Meta struggled with legacy code and schemas when transitioning to its new data architecture (Photo: mundissima/Shutterstock)

Meta recently completed an exascale data migration project to a new architecture, and despite its size the Facebook parent company came up against issues familiar to any business migrating data – technical debt and insufficient staff training. The migration revealed systems built and patched together over years with various legacy dependencies and integrations that need to be modernised, the tech giant has revealed. One analyst told Tech Monitor this type of change is often essential for modern AI and machine learning applications.

The social media giant has moved its data to improve performance and allow for improved scaling as it integrates artificial intelligence into more of its workflow. Meta first confirmed it needed to upgrade its data infrastructure in December last year after finding it was struggling with scale as it needed to access data from a more diverse range of sources.

“Over time, the data platform has morphed into various forms as the needs of the company have grown,” Meta’s engineers wrote in a blog post. “What was a modest data platform in the early days has grown into an exabyte-scale platform. Some systems serving a smaller scale began showing signs of being insufficient for the increased demands that were placed on them.”

Most of this was related to the reliability and efficiency of data, particularly during efforts to re-use and analyse it in different ways. Meta found that improved data logging and serialisation was the solution, allowing the data to describe itself more efficiently – but changing legacy systems isn’t easy.

Meta’s engineers built the Tulip serialisation format, a new architecture for its data that was built to improve logging and serialisation. Serialisation is the process of converting a data object within a region of storage into a series of bytes that allow the object to be more easily transmitted.

Meta data migration: storage and CPU cycles

Switching over to Tulip helped Meta save on storage and CPU cycles. The team found that at the high end, any data on Tulip required up to 85% fewer bytes than the current system and up to 90% fewer CPU cycles. “Making huge bets such as the transformation of serialisation formats across the entire data platform is challenging in the short term, but it offers long-term benefits and leads to evolution over time,” the engineers wrote in a blog post.

The problem was that they were dealing with more than 30,000 logging schemes generated over almost two decades and with different schemas, equipment and code. Migration proved to be a four-year battle for the engineers due to this “tech debt” built up since 2004.

They discovered that some of the data couldn’t be easily ingested or converted, some of it would be too expensive in terms of compute power to convert it and some of the tools they had to ease the migration developed bugs or found problems during the process.

To avoid the problems from growing out of hand or control, the Meta engineers wrote that they employed rate limiters and had to closely monitor ingestion, particularly for the trickier schemas.

“A tool was built so that an engineer just needed to run a script that would automatically target unmigrated logging schemas for conversion. We also built tools to detect potential data loss for the targeted logging schemas,” the team wrote. “Eventually, this tooling was run daily by a cron-like scheduling system.”

Evolving migration guide

They then had to battle with employees, ensuring they followed the migration guide created.

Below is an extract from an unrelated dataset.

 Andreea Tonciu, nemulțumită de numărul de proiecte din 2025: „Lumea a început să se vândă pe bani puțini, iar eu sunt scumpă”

This included the engineers having to produce an instructional video and set up a support team. “Since the migration varied in scale and complexity on an individual, case-by-case basis, we started out by providing lead time to engineering teams via tasks to plan for the migration,” they wrote.

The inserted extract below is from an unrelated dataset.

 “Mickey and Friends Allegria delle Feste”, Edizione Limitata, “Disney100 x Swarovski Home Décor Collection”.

“We came up with a live migration guide along with a demo video which migrated some loggers to show end users how this should be done. Instead of a migration guide that was written once and never (or rarely) updated, a decision was made to keep this guide live and constantly evolving. “

The engineers concluded that despite the complexities of the project “designing and architecting solutions that are cognizant of both the technical as well as nontechnical aspects of performing a migration at this scale are important for success.”

Caroline Carruthers CEO of global data consultancy Carruthers and Jackson told Tech Monitor large-scale data migrations come with multiple challenges and technical debt is often a major hurdle.

“With such a huge amount of data and years of legacy systems all integrating with each other, trying to untangle the web and free the data to be moved is a hugely complex task which will cost Meta a lot of time and money,” she explained.

“That being said, the benefits outweigh the costs: Meta’s old systems would struggle to keep up with the growing number of AI/ML products, so migration is an essential, if costly, project if the company wants to continue to innovate.”